Allamanda Trading (BVI) a été représentée à différents moments par Alain Wan ou Jacques Meys. Wan serait un proche associé de Kabila, et il faisait partie du conseil d’administration d’une société qui a touché des millions sous la forme de paiements vraisemblablement illégaux provenant de la banque centrale de la RDC, d’après une enquête de l’OCCRP. Cet argent a ensuite « transité par la société pour atterrir dans les poches d’un petit groupe d’associés du Président Joseph Kabila ».
Marathon Sarl détient 40 % des parts de CGR. Ses propriétaires et administrateurs sont indiqués comme étant Karim Somji, Robert Mutesa, Joyce Otoshimo Ekanga et Médard Palankoy.

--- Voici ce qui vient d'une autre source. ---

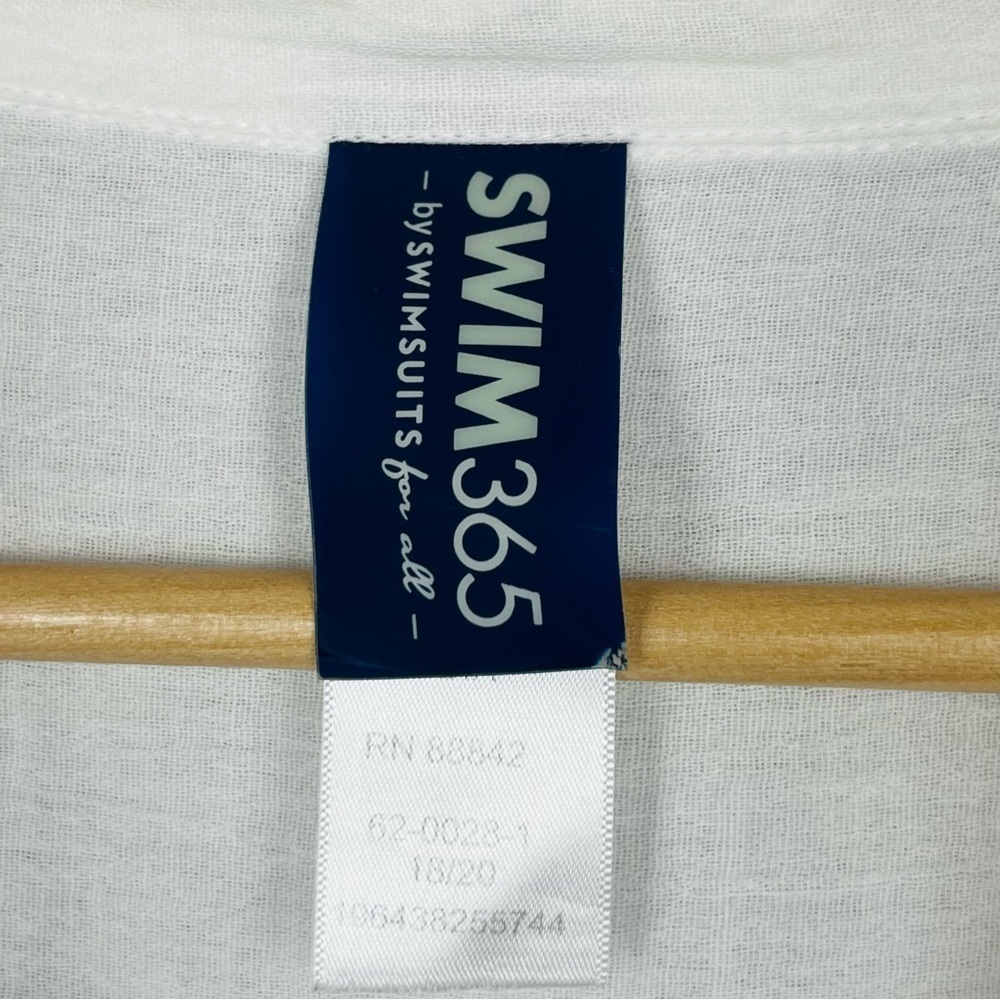 Swimsuits For All Swim 365 white Button-Front roll tab Swim Cover Up, 18/20. - Picture 9 of 11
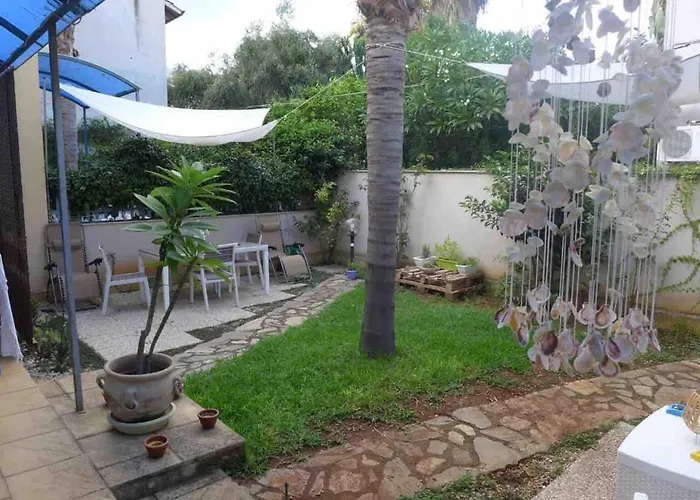 mondello lilla' room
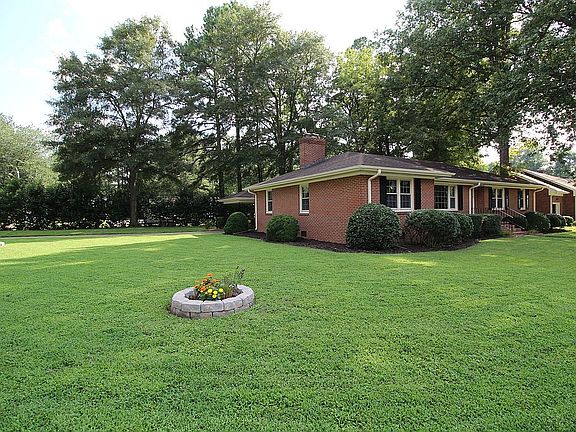 4th image of 625 Dogwood Ln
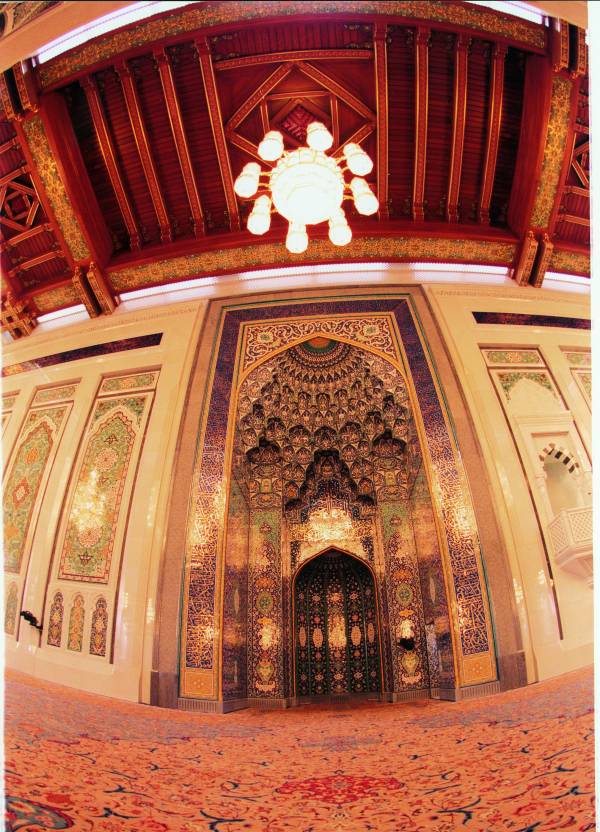 المعالم الإسلامية جامع السلطان قابوس Size:112.80 Kb Dim: 600 x 832 Size: Kb Dim: x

Karim Somji est un ressortissant belge de 59 ans, né au Burundi, qui vit actuellement en RDC. Il est mentionné dans un rapport consacré par le Enough Projet aux groupes armés impliqués dans le commerce d’or en RDC. D’après ce rapport, Karim aurait en 2011 fait passer de l’or en contrebande depuis la mine d’Omate en RDC, le faisant transiter par le Rwanda pour finir au Burundi, alors que le site était contrôlé par des groupes armés.
Robert Mutesa était l’associé gérant de Planet Air pendant la Seconde Guerre du Congo (1998-2003). Cette compagnie aérienne, détenue en 2002 par l’épouse d’un général ougandais, Salim Saleh, aurait servi à acheminer des armes depuis l’Ouganda et le Rwanda jusque dans l’est de la RDC pendant le conflit. Dans un rapport établi pour le Conseil de sécurité de l’ONU, les enquêteurs de l’ONU ont également accusé cette compagnie aérienne d’avoir facilité les activités d’un trafiquant d’armes et de diamants notoire, Victor Bout.

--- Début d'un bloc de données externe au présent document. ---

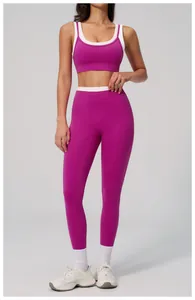 Detailansicht der fuchsiafarbenen Yoga-Hose mit hohem Bund und weißen Kontrastpaspeln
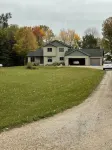 Spacious, modern lake-front vacation home/ scrapbooking/quilting retreat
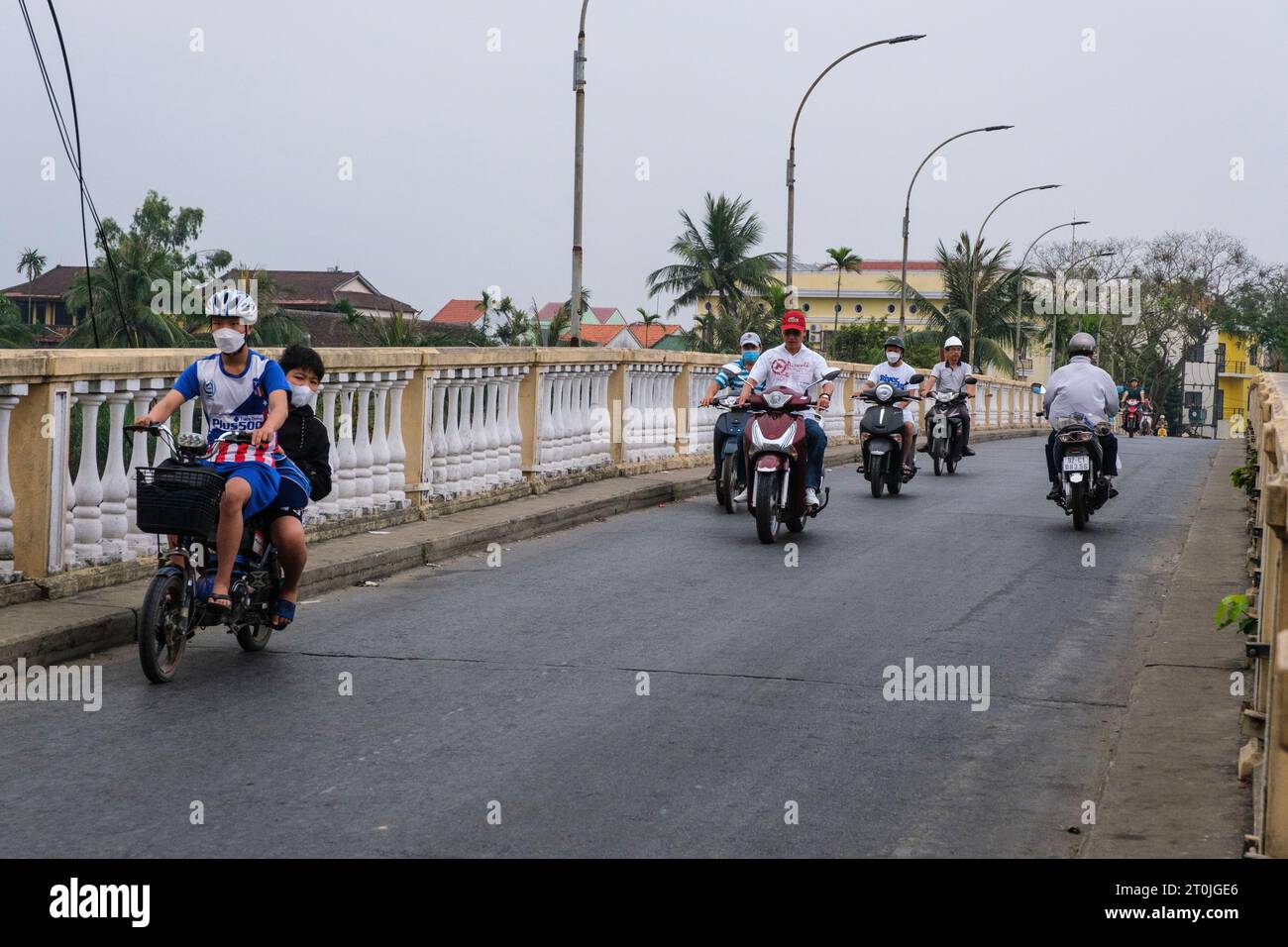 Hoi an, Vietnam. Trafic moto sur le pont. Banque D'Images
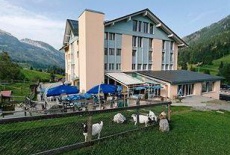 Отель Ferien- und Wellness-Hotel Rischli в городе Флюли, Швейцария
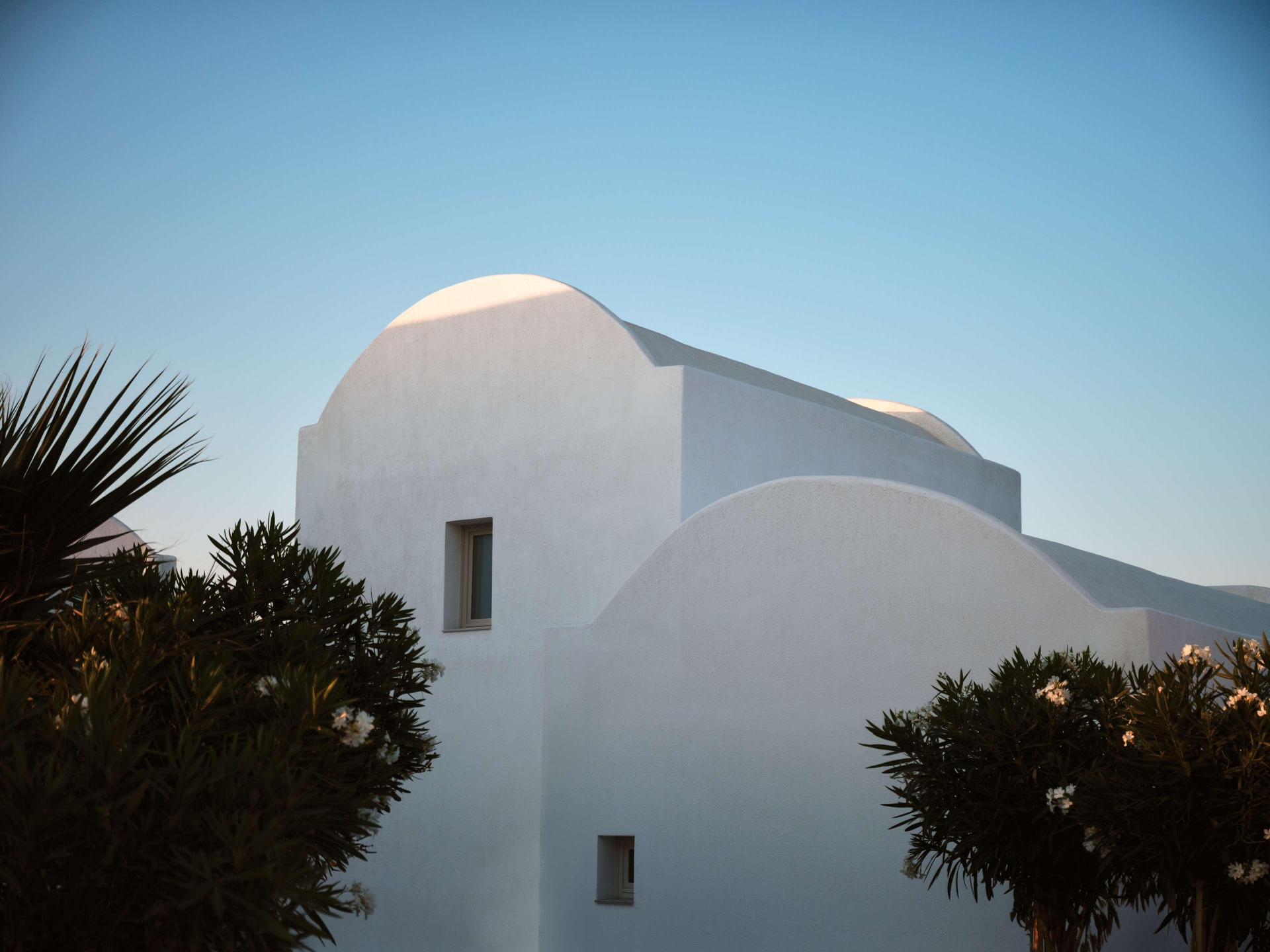Sea Breeze Santorini Beach Resort, Curio Collectio, photo 31 of 191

Joyce Otshimo Ekanga est secrétaire général adjoint de la Chambre de commerce sino-congolaise d’investissement et de développement. Il est aussi actionnaire de deux compagnies minières congolaises récemment constituées, Nek Mining et Glorhis Multi-Services. Son père, Moïse Ekanga, dirigerait le Bureau de Coordination et de Suivi du Programme Sino-Congolais (BCPSC) de la RDC, un organe opaque de l’État congolais chargé de gérer les transactions commerciales et prêts entre le gouvernement congolais et les entreprises chinoises. Le Carter Centre a découvert qu’entre 2008 et 2014, des centaines de millions de dollars de prêts chinois, supervisés par le BCPSC sous la houlette de Moïse Ekanga, n’avaient pas été dépensés dans des projets d’infrastructure, comme cela était prévu. Le BCPSC n’a pas pu rendre compte de l’utilisation de quelque 685 millions de dollars de ces prêts.
Médard Palankoy – Actionnaire de Marathon. Palankoy a été décrit dans les médias comme étant le « principal » avocat de Dan Gertler en RDC ; il détenait des actions dans une compagnie sanctionnée par le Trésor américain lorsque celui-ci a ciblé les entités permettant à Gertler « d’accéder au système financier international et de profiter de la corruption et de comportements répréhensibles ». L’adresse du bureau de Palankoy est la même que celle où sont immatriculées les sociétés CGR et Marathon.